Step 1: Silicon-wafer etching in an electrochemical bath and procurement of Si particles via sonication. Step 2: UV-illumination-assisted hydrosilylation on the hydrogen-rich surface of PS NPs for the generation of APS NPs, which exhibit PL quenching in the presence of copper ions. Application 1: Preparation of a 96-well paper kit, which consists of APS NP deposition onto wax printed paper. Application 2: Preparation of a portable stick kit, fabricated via layer-by-layer (LbL) assembly onto a polydimethylsiloxane (PDMS)-patterned flexible overhead projector (OHP)-film substrate.

Results and Discussion

Preparation of Porous Si NPs

Porous Si NPs (PS NPs) are prepared from electrochemically-etched Si wafers. Typical etching of a 500 mm As-doped wafer is carried out laterally for 1 hr in an electrochemical cell at an optimized pumping speed of 5 mL/min to ensure treatment of the entire surface. Freshly prepared etching solution (HF–H2O–ethyl-alcohol) is used to stabilize the current flow in the cell, typically maintained at 120–250 mV. Following the etching procedure, the wafers are washed with excess deionized water and methanol and dried with N2 (g). The resulting etched porous Si surface emits an orange-red photoluminescence under ultraviolet (UV) excitation at 365 nm (Fig. 2A). PS NPs, obtained by sonicating the dried wafers for 90 minutes in ethyl alcohol, exhibit an orange-red photoluminescence that is quenched in the presence of Cu2+ ions (Fig. 2B). Transmission electron microscope (TEM) images of the PS NPs show the crystalline structure, size, and shape of the NPs; while individual monocrystals are not found among the NPs, Si nanocrystalline domains trapped in larger pieces of the porous silicon structure are observed (Supporting Fig. S2A,B). The PS NPs have an average diameter ranging from 20–80 nm as assessed via TEM image analysis (Fig. 3A).

Figure 2
figure 2

Preparation of Photoluminescent PS NPs.

(A) Si wafers are electrochemically etched for 30 minutes under a current of 260 mA and an acid injection rate of 5 mL/s. After washing in excess deionized water and methanol, the wafers are dried with N2 (g) and exhibit fluorescence at approximately 640 nm under UV (365 nm excitation). (B) APS NPs are collected via wafer sonication in ethyl alcohol and emit an orange-red fluorescence under UV, which is quenched upon the addition of 10 mM of CuCl2.

Figure 3
figure 3

Characterization of PS and APS NPs.

(A) TEM image of PS NPs obtained after the sonication of etched Si wafers. High-resolution TEM image (inset) shows the crystalline structure of Si nanoparticles. (B) Image analysis of TEM images, summarizing the size distribution of a polydisperse nanoparticle suspension in water (n = 150). (C) Photoluminescence curves of PS and APS NPs indicate an increased level of PL intensity upon hydrosilylation. (D) FTIR analysis of PS and APS NPs shows the appearance of Si–C and Si–O peaks after hydrosilylation.

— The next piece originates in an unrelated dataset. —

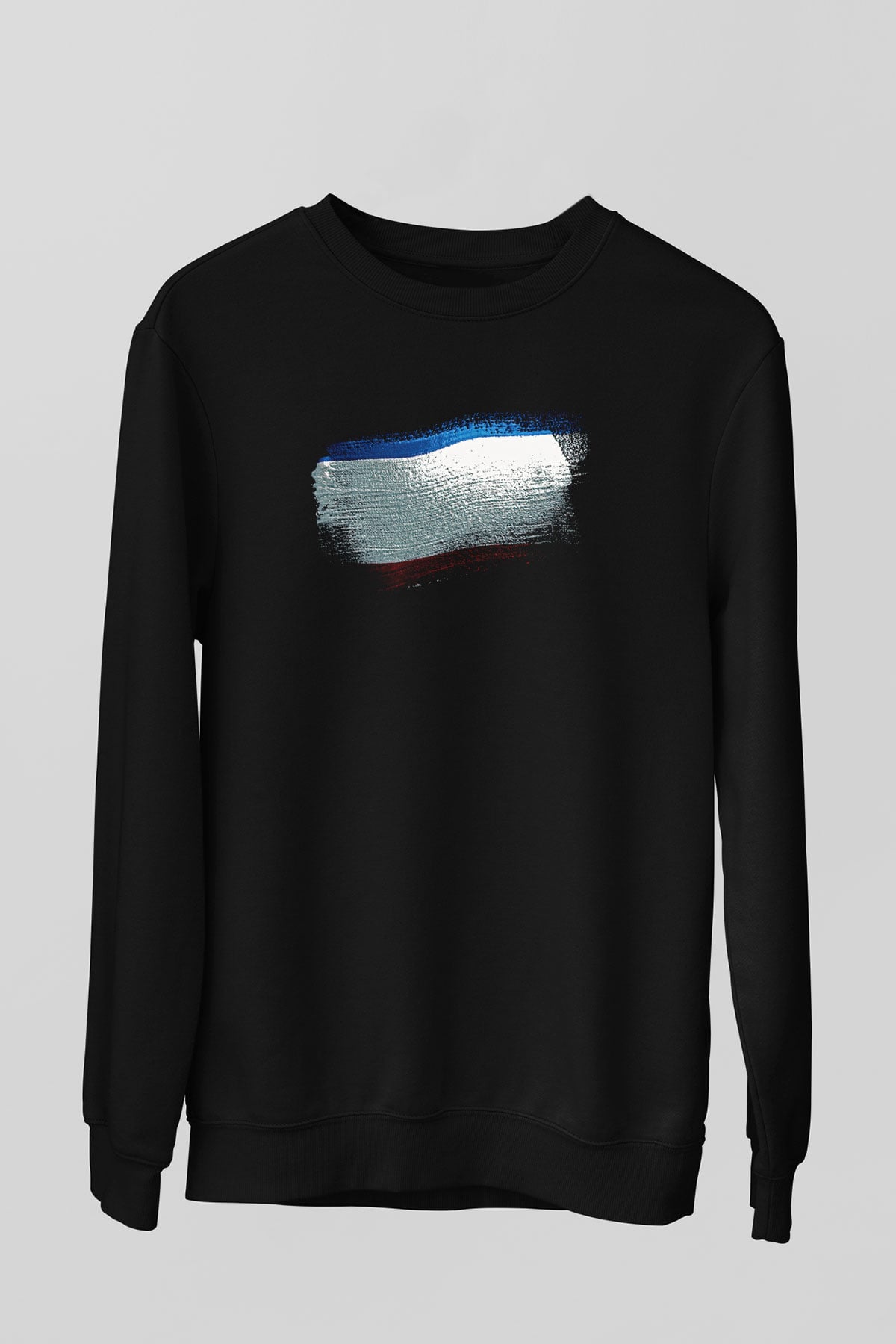 Kırım Yarımadası - Crimea Bayrağı Baskılı Unisex Siyah Sweatshirt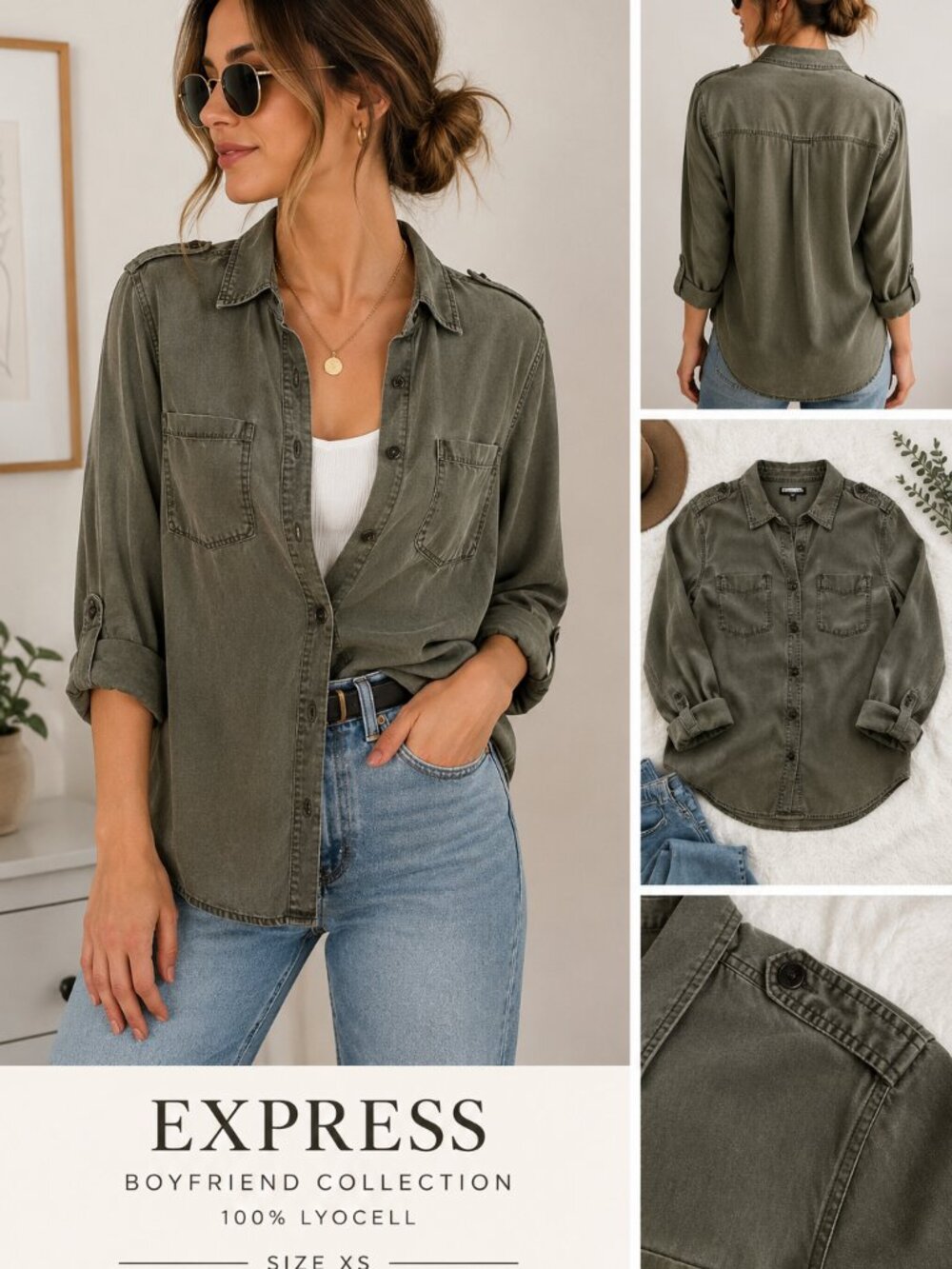 Express Boyfriend Olive Green Utility Lyocell Button Up Shirt XS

Characterization of Alkyl-Terminated PS NPs

PS NPs are reacted with either UDA or AA to generate alkyl-terminated PS NPs (APS NPs). Briefly, UDA-PS NPs are produced by heating an ethanol solution of PS NPs (10 wt% UDA) to 95 °C for 16 hours under N2. Hydrosilylation of the NPs is observed when the turbid solution becomes transparent. AA-PS NPs are produced by bubbling an ethanol solution of PS NPs (10 wt% AA) with N2 to remove any dissolved oxygen that could inhibit the radical-initiated reaction. The PS NP suspension is then placed in a photochemical reactor and run for 24 hours at 40 °C until a clear suspension is obtained. ASP NPs, obtained after centrifugation and multiple washing steps in ethanol, are resuspended in deionized water for subsequent experiments.

The average diameter of the APS NPs is 45 nm as assessed via TEM image analysis (Fig. 3B). The absorption spectrum of PS NPs shows a maximum peak at 260 nm (Fig. 3C, gray line). Upon excitation, the PL intensity of AA-PS NPs is at least twice as strong as that of bare PS NPs. The PL intensity of UDA-PS NPs is even stronger, with a 10 fold increase in intensity over that of AA-PS NPs. Both AA-PS NPs and UDA-PS NPs exhibit maximum PL intensity at approximately 650 nm and corroborate the rearrangement of surface structure and subsequent promotion of efficient proton emission19; the increased PL of alkyl-passivated PS NPs is most likely due to the quantum confinement effect and defect localization at the Si–SiO2 interface26. Furthermore, the quantum yield (Ф) of UDA-PS NPs is 0.11 when indirectly compared to the value of Rhodamine (Supporting Fig. 3). Aside from a change in PL intensity, we also observe a negative increase in the zeta potential of the NPs after hydrosilylation; bare PS NPs and APS NPs have a surface charge of −25 ± 2 mV and −85 ± 3 mV, respectively (Supporting Fig. S4A). This increase in negative surface charge notably improves the dispersity of APS NPs and ensures their stable PL in acidic solutions. Finally, the surface composition of the APS NPs, created either via photo- or thermal-initiated hydrosilylation, is analyzed by Fourier transform infrared (FTIR) spectroscopy (Fig. 3D). The ASP NPs display distinctive features of surface alkyl groups (CH2: 2939, 2866, and 1498 cm−1; C-C: 869 cm−1) and strong vibrational features of SiOx peaks (1050 cm−1). The appearance of a carboxyl band at 1717 cm−1 further confirms the presence of UDA or AA molecules on the surface of the NPs.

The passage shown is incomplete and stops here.